### DATA UNDER STUDY
== Segment start ==

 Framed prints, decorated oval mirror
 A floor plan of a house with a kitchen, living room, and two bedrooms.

== Segment end ==
== Segment start ==

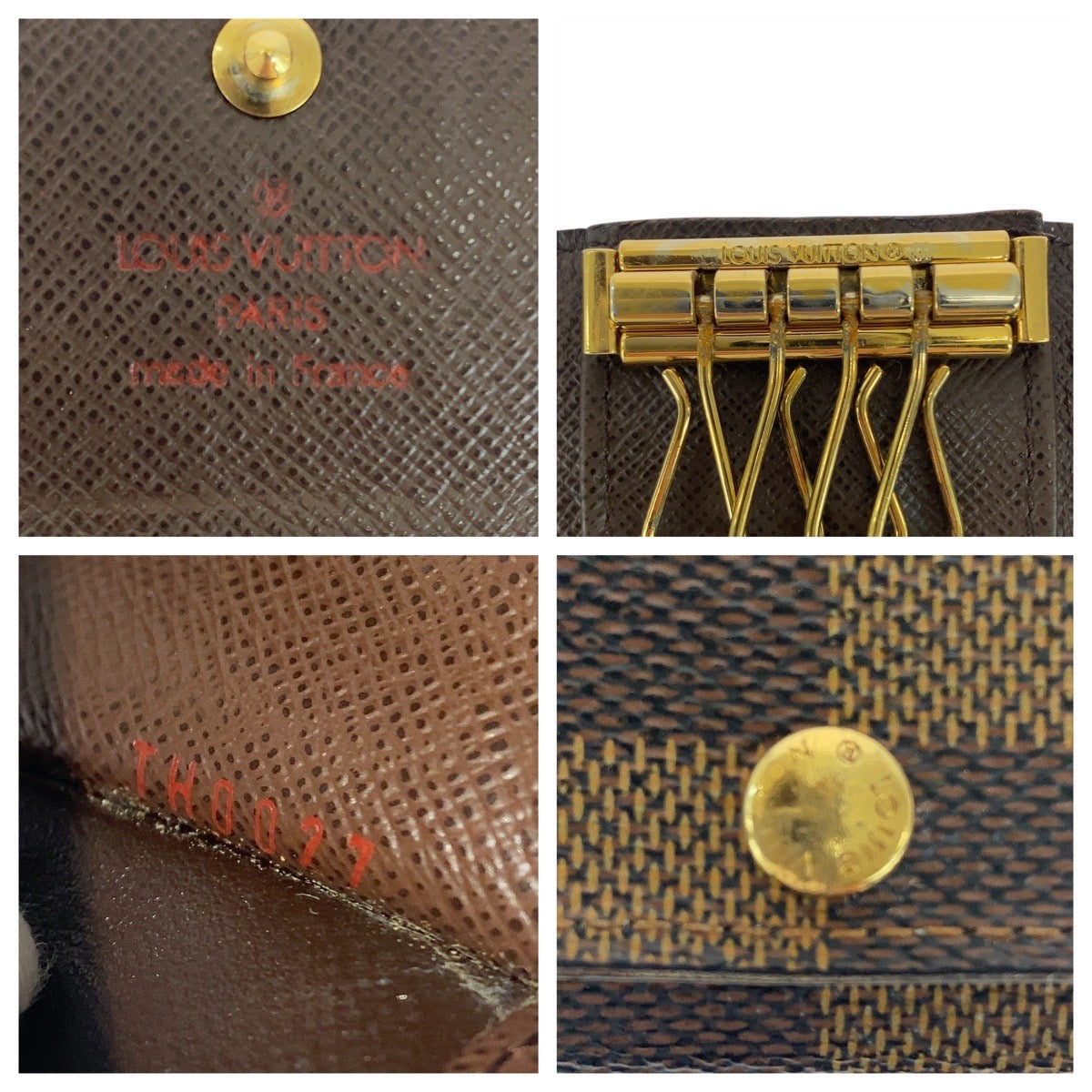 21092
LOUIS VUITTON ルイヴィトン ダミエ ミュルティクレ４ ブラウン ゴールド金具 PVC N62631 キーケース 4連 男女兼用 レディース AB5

== Segment end ==

### TASK DESCRIPTION
All lines above from the one containing "Framed prints, decorated oval mirror" to the one containing "A floor plan" must be repeated exactly, both lines included, and no others.

### OUTPUT
 Framed prints, decorated oval mirror
 A floor plan of a house with a kitchen, living room, and two bedrooms.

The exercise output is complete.